Officials have received 111 self-reports of damage at rental properties stemming from the most recent flood through the 211 system, according to data provided to Vermont Public by Vermont Emergency Management on Thursday. Much of the damage to rentals is concentrated in a few places: 23 renter households reported damage in Lyndon, 19 in Barre City, and 17 in Plainfield. (The data reflect all levels of damage reported, meaning these numbers could include homes that are still habitable and others that are destroyed.)
Before the flood, online forums in the Northeast Kingdom were already filled with people searching for a place to rent, said Megan Matthers, a volunteer coordinator with the long-term recovery group Kingdom United Resilience and Recovery Effort. Now, nearly 30 renter households in the rural region have reported flood damage.
“The housing crisis is one of the biggest talking points of this area, and to have something like this happen just really adds to the pressure,” Matthers said.
Some renters who lost their homes to flooding last July are still trying to land stable housing. And homeowners who can’t live in their houses because of flood damage are also seeking places to rent in the short term, further driving up demand.
One year ago, the home Tina Pecor shared with her three kids in Graniteville flooded, rendering the family homeless. She’s been looking for another rental ever since. Pecor couchsurfed with relatives, at times having to separate from her kids, she said.

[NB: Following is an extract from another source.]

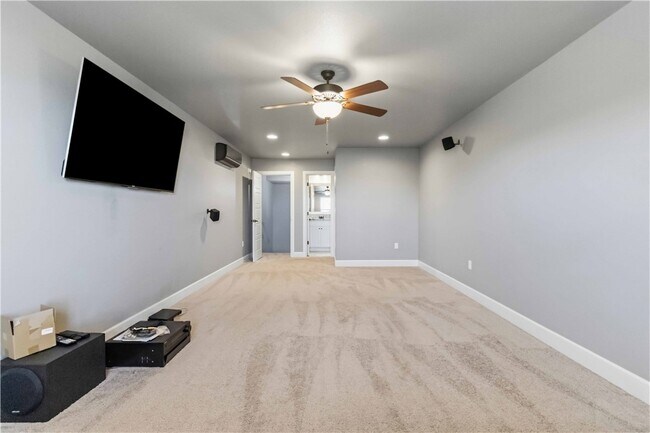 Building Photo - 1340 Sweetbriar Cir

But a few months ago, she was able to get into transitional housing for families in Barre’s North End through Capstone Community Action, the anti-poverty agency where she works in the Head Start program.

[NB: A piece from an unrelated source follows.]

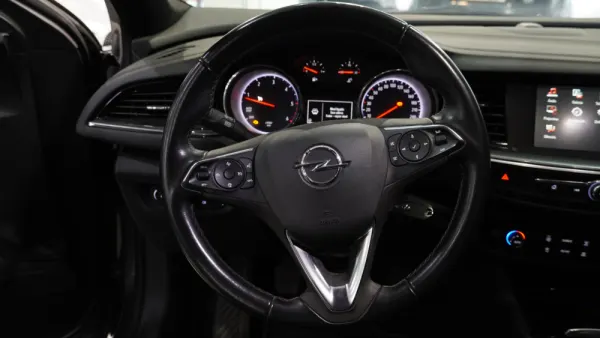 Opel Insignia Sports Tourer 17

Exactly one year later, she watched floodwaters rise around the transitional house — which had also flooded last year. This time the water only went into the basement, Pecor said. But as she struggles to figure out a long-term solution for her family, the latest flooding underscored that she wants to be far away from water.
“I’m just looking for a three bedroom, but it’s like — it’s really hard finding one,” Pecor said, from the porch of the transitional house. “I don’t want to go to a place that, it’s like, going to flood,” she said.
Renters dealing with flood damage should tell their landlords, in writing, the extent of the damage and what types of repairs are needed, said Daniel Schmidt, a staff attorney at Vermont Legal Aid. It’s a landlord’s responsibility to bring a rental into compliance with health and safety standards, like having an adequate water supply and access to heat. If a landlord doesn’t make repairs to meet habitability standards in a timely manner, Schmidt said, a tenant can withhold part of the rent — but they should let the landlord know, in writing, before they do so.
The Vermont State Housing Authority is encouraging Vermonters displaced by flooding to apply for rental assistance through the Section 8 program; applicants will need to meet income requirements. More rental assistance could be available if the federal government approves a disaster declaration for the state, unlocking aid from the Federal Emergency Management Agency.